Data segment:
Segment Open

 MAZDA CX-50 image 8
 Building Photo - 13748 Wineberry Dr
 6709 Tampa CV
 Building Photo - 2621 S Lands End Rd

Segment Closed

What you are asked to do:
Copy the lines above exactly, leaving every word as it is.

Finished task:
 MAZDA CX-50 image 8
 Building Photo - 13748 Wineberry Dr
 6709 Tampa CV
 Building Photo - 2621 S Lands End Rd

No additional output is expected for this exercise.